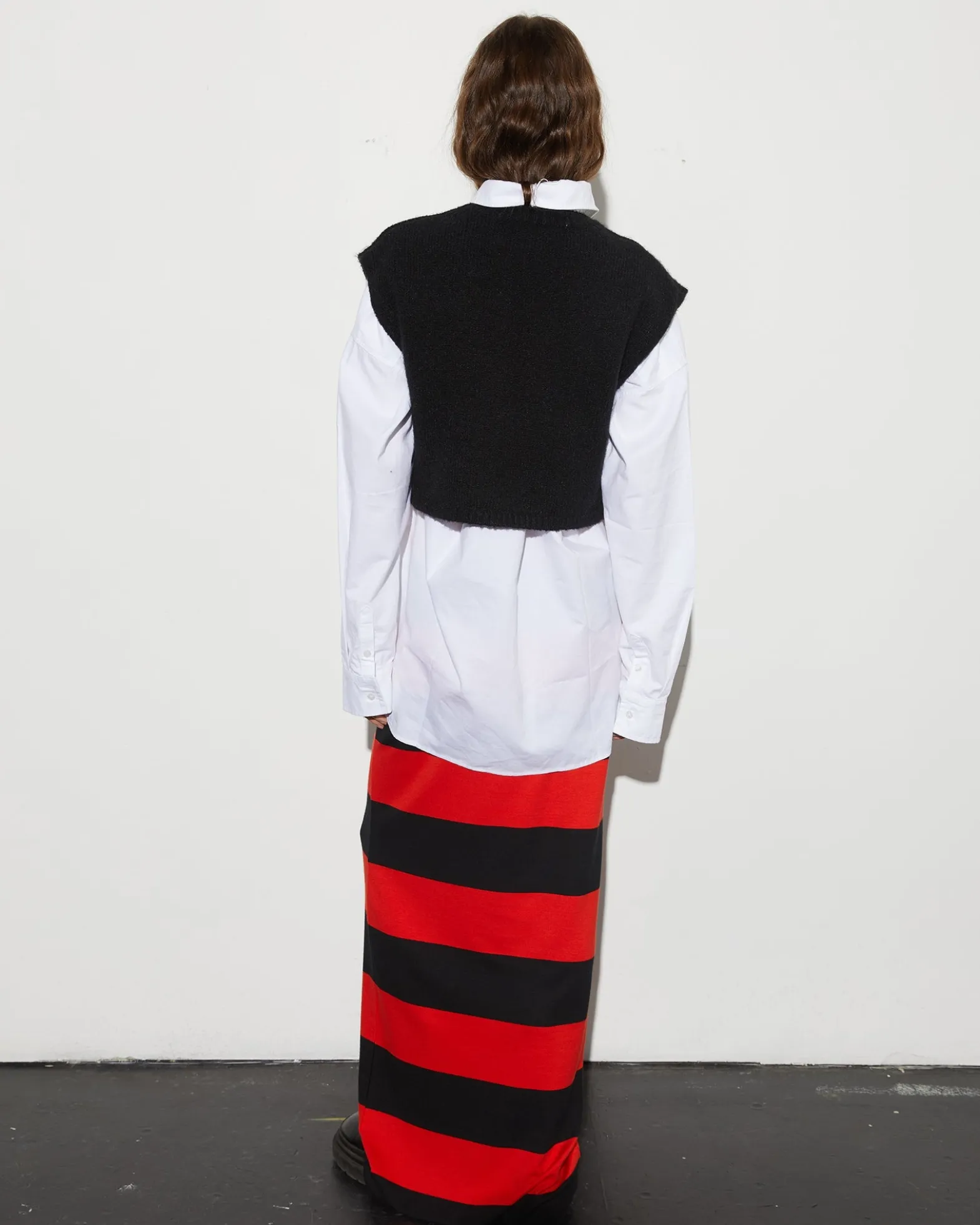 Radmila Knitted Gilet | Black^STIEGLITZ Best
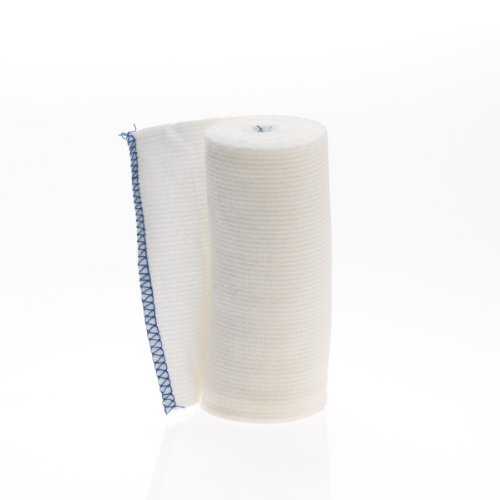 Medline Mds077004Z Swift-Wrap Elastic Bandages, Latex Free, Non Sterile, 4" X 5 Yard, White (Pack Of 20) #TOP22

- - - - -

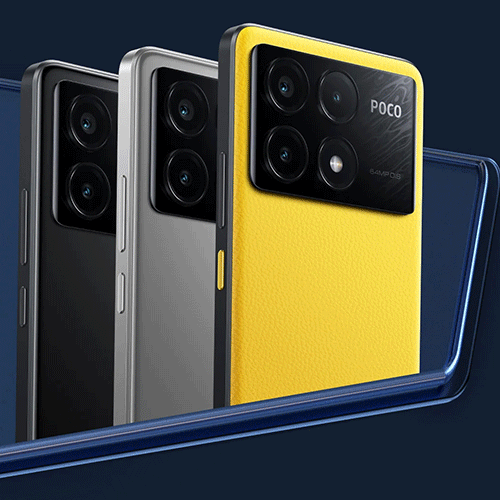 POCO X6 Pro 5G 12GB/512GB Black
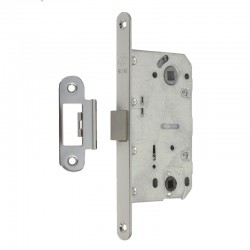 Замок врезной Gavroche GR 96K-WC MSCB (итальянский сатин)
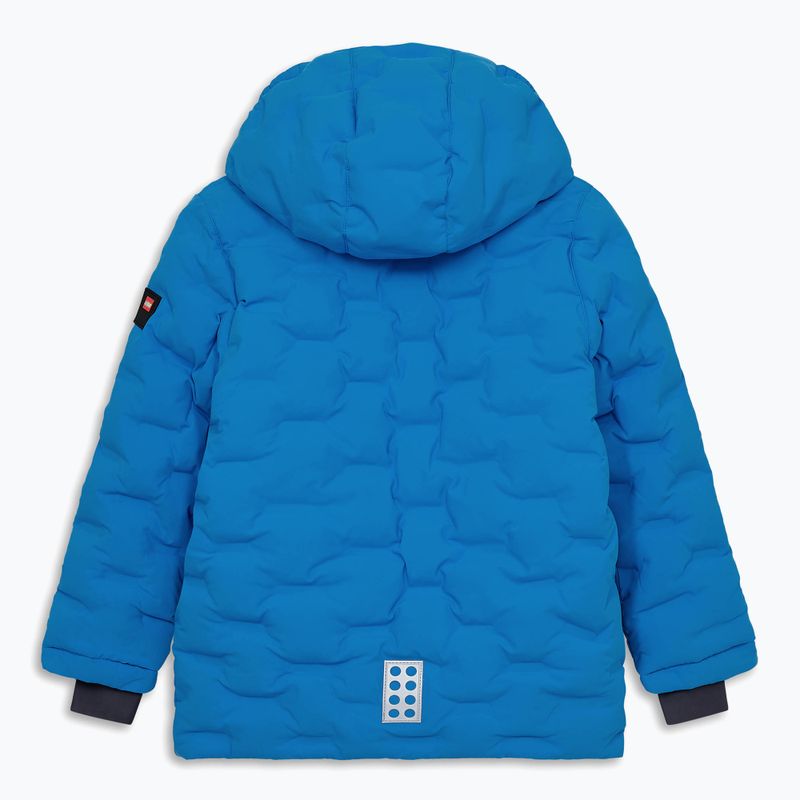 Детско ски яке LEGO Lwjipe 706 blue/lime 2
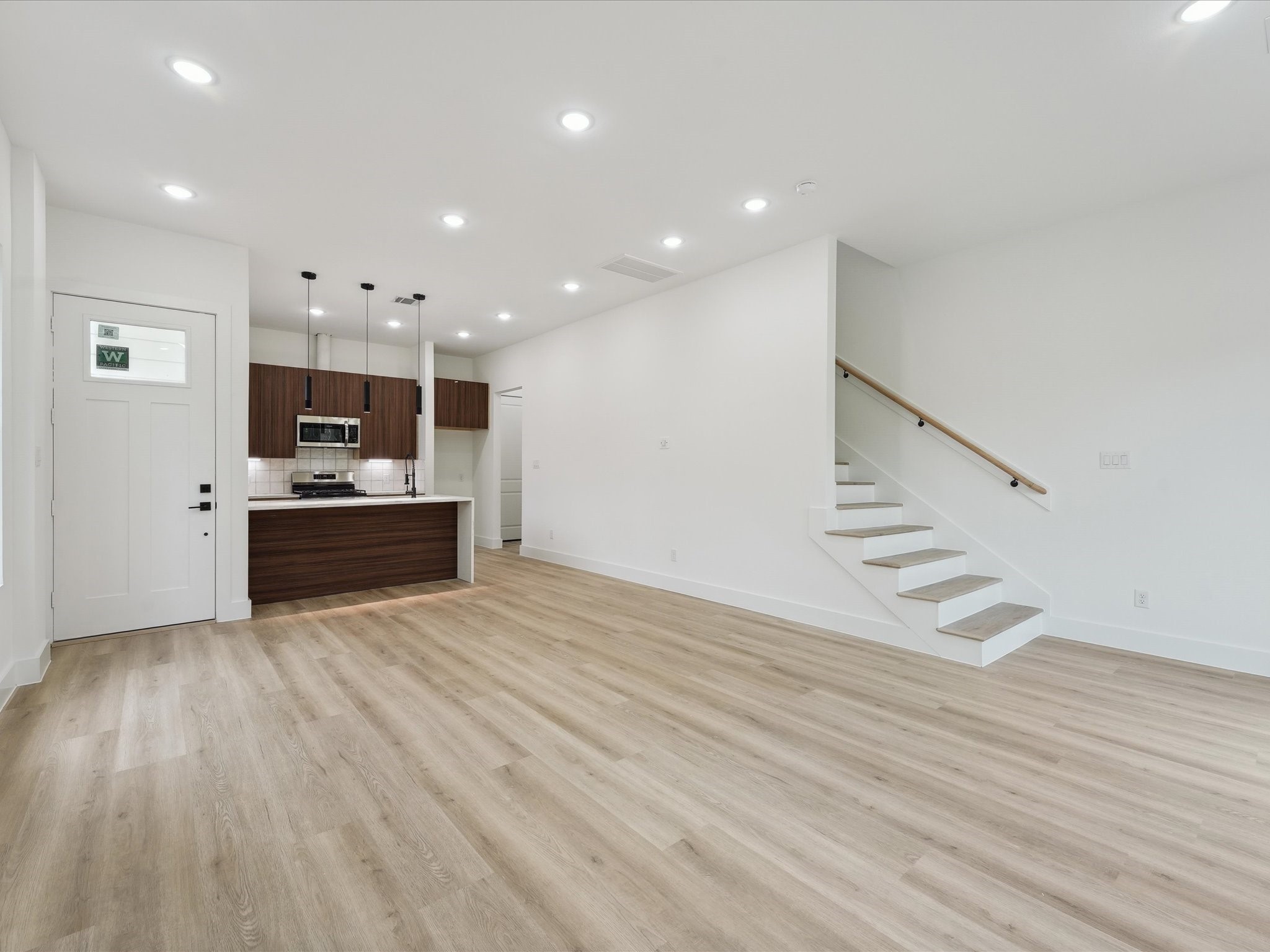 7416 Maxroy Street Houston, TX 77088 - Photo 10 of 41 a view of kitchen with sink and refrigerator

- - - - -

About this task:
Although the records above contain pictures, the copy should not; retype exactly the lines from the one containing "Детско ски яке LEGO Lwjipe 706 blue/lime 2" through the one containing "7416 Maxroy Street".

Answer box:
 Детско ски яке LEGO Lwjipe 706 blue/lime 2
 7416 Maxroy Street Houston, TX 77088 - Photo 10 of 41 a view of kitchen with sink and refrigerator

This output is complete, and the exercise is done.